There has been a proliferation of academic work surrounding the so-called ‘gig-economy’. With some notable examples, much of this corpus of literature takes for granted the lowly-skilled nature of the tasks, and the de-skilling potential digital platform tools have. For example, the ILO’s International Standard Classification of Occupations (ISCO) has no entry for platform work, but those forms that are closest in substance (messengers, package and luggage porters and deliverers” and “hand or pedal vehicle drivers) are categorised as “elementary occupations”. In other words, the “lowest” skilled of all. Whilst these classifications clearly demonstrate that no-one in the ILO has ever actually been a gig worker, they also perpetuate a far more pernicious sentiment in our collective imaginary of platformised work. That it is low-skilled, and thus low-valued. In combination with gig workers’ invisibilised status – rendered invisible by the work, but also compounded by their race, migration status and frequently low-levels of formalised education – this results in an acceptance of the low pay and poor conditions these workers endure.
Based-upon nine-months of covert ethnographic research as a food delivery worker in London and eighteen months of overt research with a trade union organising gig workers across the UK, this paper argues that food delivery gig work can – in fact – be highly skilled.
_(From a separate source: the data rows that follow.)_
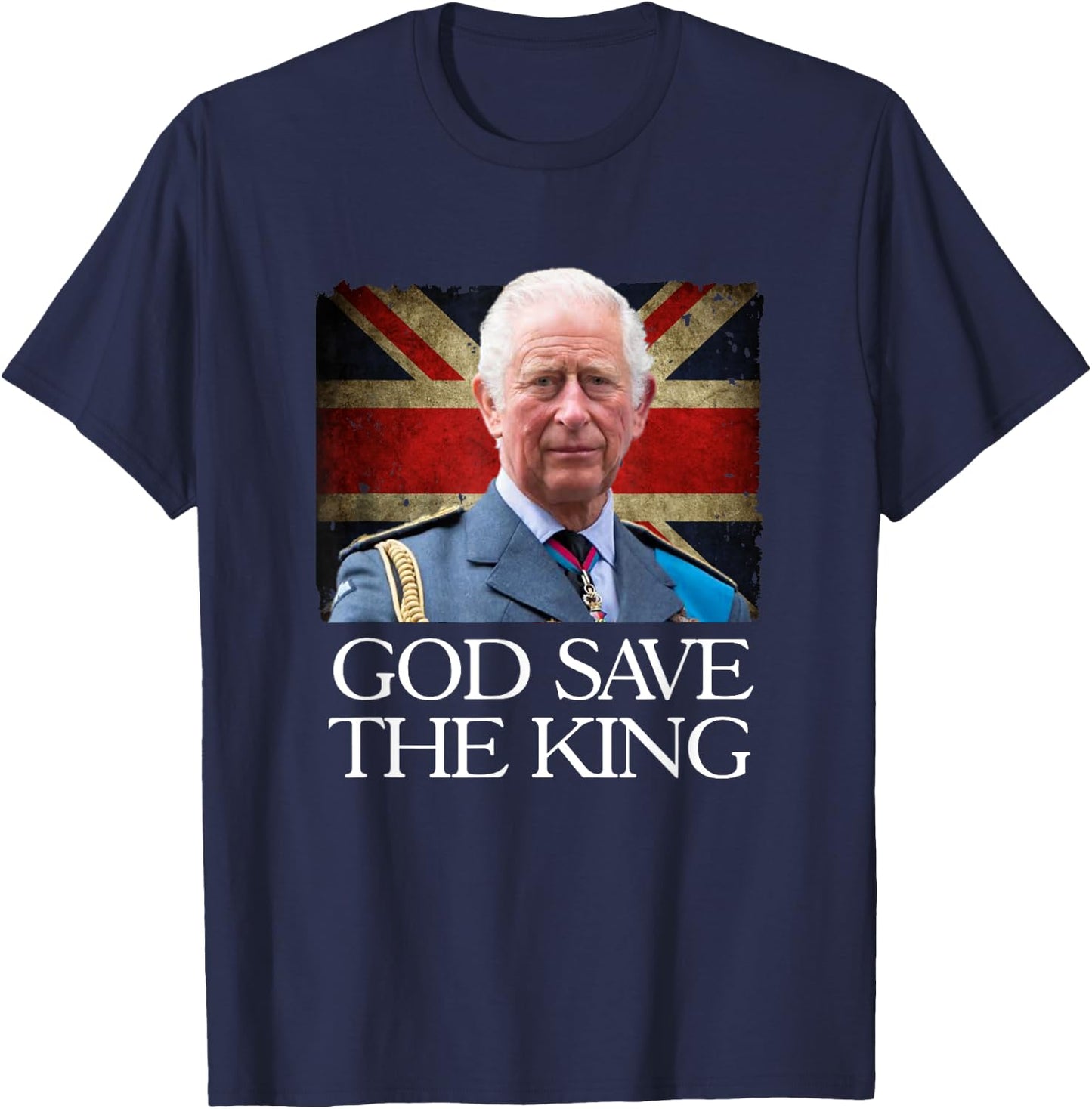 God Save The King of England Monarch 2022 Prince Charles T-Shirt - T-Shirt | Navy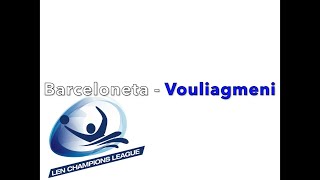 WaterPolo  Ligue des Champions 20232024  Barceloneta  Vouliagmeni Les buts  J5  Groupe D [upl. by Irak]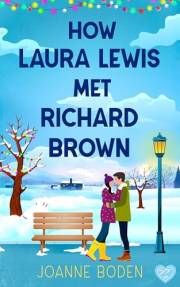 How Laura Lewis Met Richard Brown: A heartwarming small-town romance to fall in love with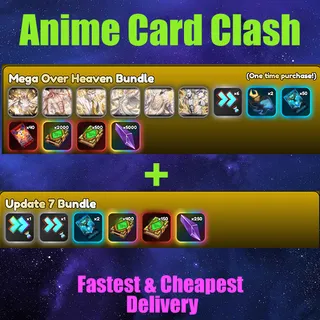 Anime Card Clash MEGA OVER HEAVEN BUNDLE -UPDATE 7 BUNDLE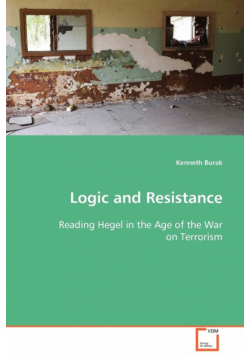 Logic and Resistance -Reading Hegel in the Age of the War on Terrorism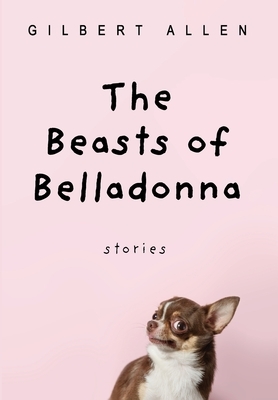 The Beasts of Belladonna by Gilbert Allen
In doing so, it re-draws widely held misconceptions within and beyond the academy of these forms of work and demonstrates the highly skilled nature of the task at hand – especially so given the time and financial pressures these workers are under. It is worthy of note that many other ethnographic studies that do not conceptualise these workers as highly skilled have been undertaken by academics or researchers not reliant-upon the income this job generates, and thus able to not rush, or develop the corporeal knowledges required to undertake the job safely and successfully.
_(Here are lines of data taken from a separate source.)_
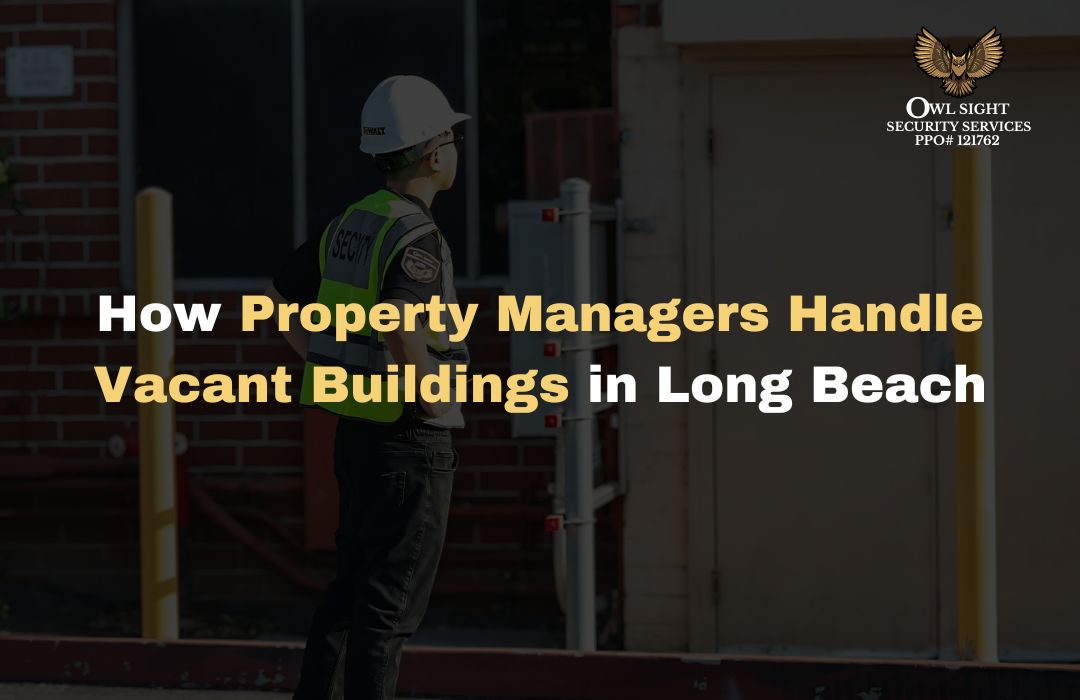 How Property Managers Handle Vacant Buildings in Long Beach Owl Sight Security Services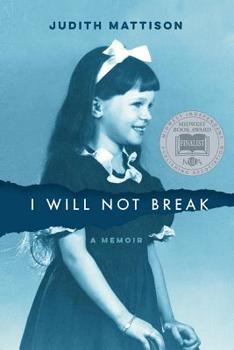 Paperback I Will Not Break: A Memoir Book
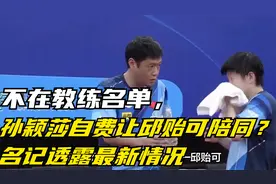 不在教练名单，孙颖莎自费让邱贻可陪同？名记透露最新情况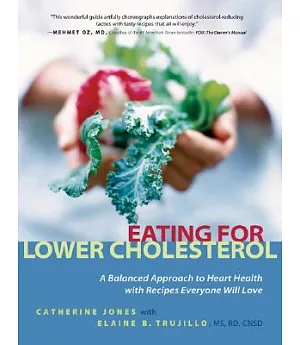Eating for Lower Cholesterol: A Balanced Approach to Heart Health with Recipes Everyone Will Love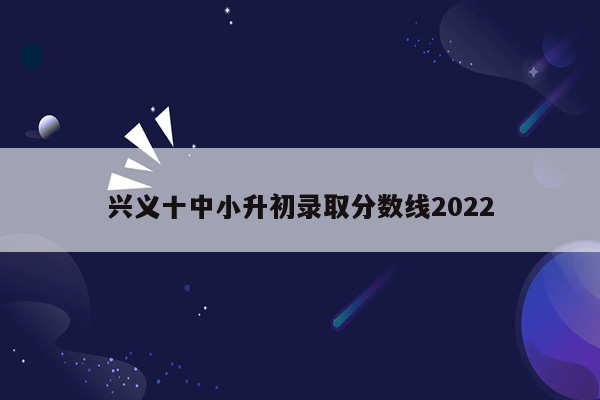 兴义十中小升初录取分数线2022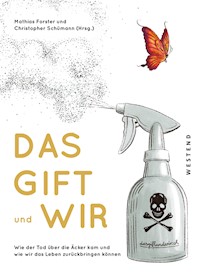 Das Gift und wir -  - E-Book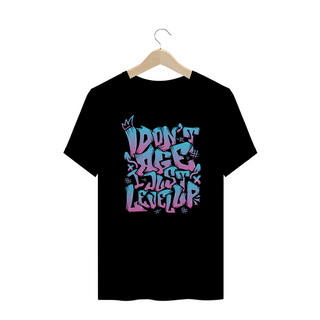 Camiseta Plus Size I Dont Age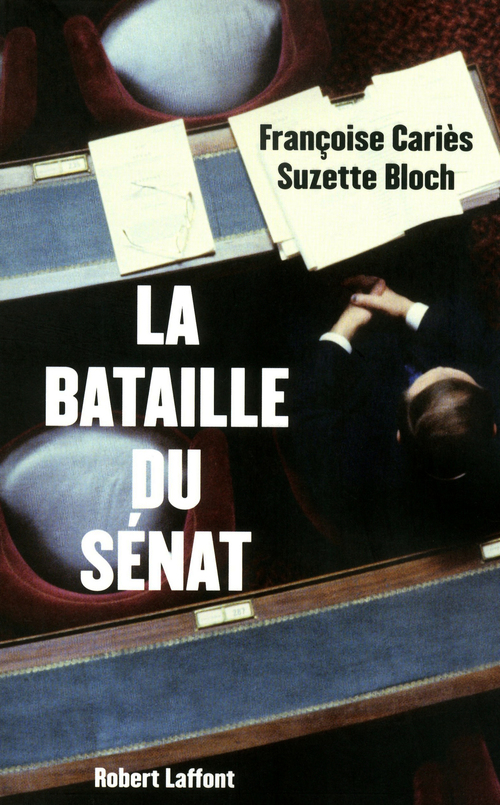 ebook cover of La bataille du Sénat, by Suzette Bloch, Françoise Cariès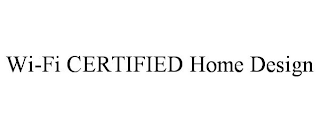 WI-FI CERTIFIED HOME DESIGN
It is not shy in its ambition to totally re-cast the way many researchers view platform workers and the increasing encroachment of work into technology. It calls directly for an end to academic complicity in the narrative that these workers are somehow low-skilled. It is hoped that this perspective will give renewed vigour to attempts to organise workers and stake claims around negotiations with firms based on a compelling case for the work as a skilled endeavour. When we understand skill as a separate category to replaceability (the two are often confused in practice) then we can drive new directions for worker organising and research support in the future.